=== EXERCISE BRIEF ===
Reproduce the records word for word, from the first line to the line containing "DUCATI STREETFIGHTER V2S".

=== PROVIDED RECORDS ===
********************

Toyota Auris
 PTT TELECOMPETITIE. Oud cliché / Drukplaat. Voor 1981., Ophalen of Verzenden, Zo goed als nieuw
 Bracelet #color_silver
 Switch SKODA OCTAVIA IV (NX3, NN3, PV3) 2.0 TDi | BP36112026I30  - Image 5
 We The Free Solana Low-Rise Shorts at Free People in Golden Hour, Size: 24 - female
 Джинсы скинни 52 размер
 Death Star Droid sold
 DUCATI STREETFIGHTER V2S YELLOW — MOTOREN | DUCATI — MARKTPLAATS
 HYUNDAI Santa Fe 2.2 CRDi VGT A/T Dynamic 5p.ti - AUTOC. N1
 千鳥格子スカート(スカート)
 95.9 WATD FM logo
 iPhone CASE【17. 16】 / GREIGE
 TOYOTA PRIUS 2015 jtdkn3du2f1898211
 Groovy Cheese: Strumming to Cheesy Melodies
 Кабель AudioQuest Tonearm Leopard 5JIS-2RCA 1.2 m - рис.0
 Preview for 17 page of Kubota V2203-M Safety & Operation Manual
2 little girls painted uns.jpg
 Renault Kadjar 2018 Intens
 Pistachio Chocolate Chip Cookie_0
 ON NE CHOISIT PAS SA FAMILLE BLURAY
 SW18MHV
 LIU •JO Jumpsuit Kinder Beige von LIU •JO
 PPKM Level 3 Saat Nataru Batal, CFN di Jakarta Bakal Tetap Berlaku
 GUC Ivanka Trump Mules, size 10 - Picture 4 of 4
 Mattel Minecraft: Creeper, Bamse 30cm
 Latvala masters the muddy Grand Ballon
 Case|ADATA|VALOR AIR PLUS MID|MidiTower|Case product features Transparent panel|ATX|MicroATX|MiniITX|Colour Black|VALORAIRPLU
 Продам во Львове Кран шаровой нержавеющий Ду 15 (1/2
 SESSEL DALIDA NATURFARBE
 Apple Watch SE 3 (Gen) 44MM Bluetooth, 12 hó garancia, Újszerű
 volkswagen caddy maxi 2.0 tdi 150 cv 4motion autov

********************

=== TASK ANSWER ===
Toyota Auris
 PTT TELECOMPETITIE. Oud cliché / Drukplaat. Voor 1981., Ophalen of Verzenden, Zo goed als nieuw
 Bracelet #color_silver
 Switch SKODA OCTAVIA IV (NX3, NN3, PV3) 2.0 TDi | BP36112026I30  - Image 5
 We The Free Solana Low-Rise Shorts at Free People in Golden Hour, Size: 24 - female
 Джинсы скинни 52 размер
 Death Star Droid sold
 DUCATI STREETFIGHTER V2S YELLOW — MOTOREN | DUCATI — MARKTPLAATS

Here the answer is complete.